### ASSIGNED TASK
What you should give back is a precise copy of the lines below from the one containing "Once the system" through the one containing "Hello, so we're", with no pictures.

DATA SECTION START

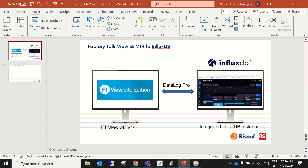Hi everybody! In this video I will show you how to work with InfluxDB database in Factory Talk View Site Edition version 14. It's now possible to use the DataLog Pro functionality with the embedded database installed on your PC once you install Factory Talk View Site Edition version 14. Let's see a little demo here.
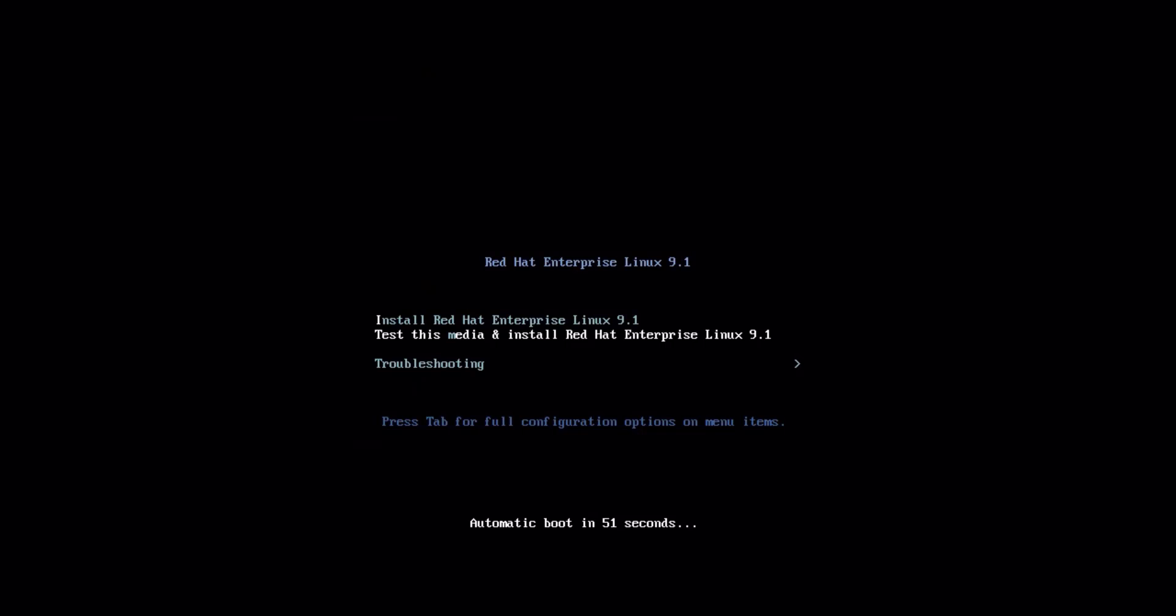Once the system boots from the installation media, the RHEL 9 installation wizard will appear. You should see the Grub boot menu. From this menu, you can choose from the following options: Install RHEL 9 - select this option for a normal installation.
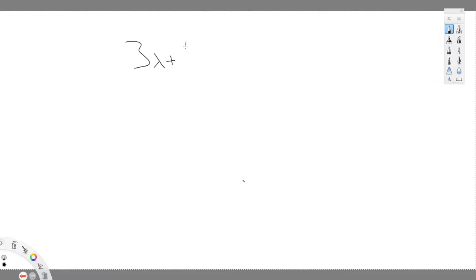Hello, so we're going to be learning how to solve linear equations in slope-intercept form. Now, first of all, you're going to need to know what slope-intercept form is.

DATA SECTION END
DATA SECTION START

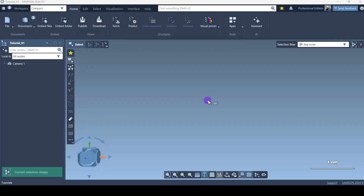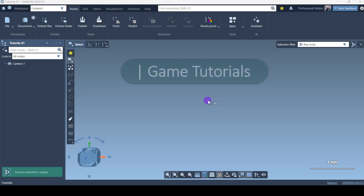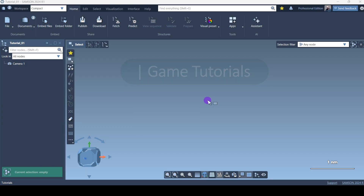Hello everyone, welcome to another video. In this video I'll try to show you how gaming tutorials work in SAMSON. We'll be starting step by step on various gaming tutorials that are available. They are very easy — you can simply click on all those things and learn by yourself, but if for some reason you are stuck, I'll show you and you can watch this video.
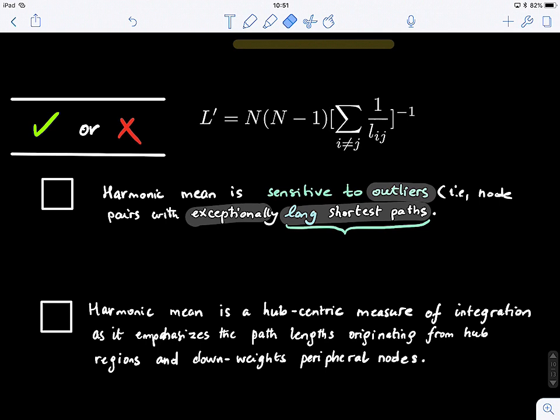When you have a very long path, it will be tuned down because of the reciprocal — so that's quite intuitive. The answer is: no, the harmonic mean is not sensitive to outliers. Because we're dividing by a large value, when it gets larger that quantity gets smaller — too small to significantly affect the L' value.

DATA SECTION END
DATA SECTION START

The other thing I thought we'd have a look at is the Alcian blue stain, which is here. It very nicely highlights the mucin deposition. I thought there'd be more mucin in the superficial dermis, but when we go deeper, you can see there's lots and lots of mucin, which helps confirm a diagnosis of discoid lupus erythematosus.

DATA SECTION END

### EXERCISE ANSWER
Once the system boots from the installation media, the RHEL 9 installation wizard will appear. You should see the Grub boot menu. From this menu, you can choose from the following options: Install RHEL 9 - select this option for a normal installation.
Hello, so we're going to be learning how to solve linear equations in slope-intercept form. Now, first of all, you're going to need to know what slope-intercept form is.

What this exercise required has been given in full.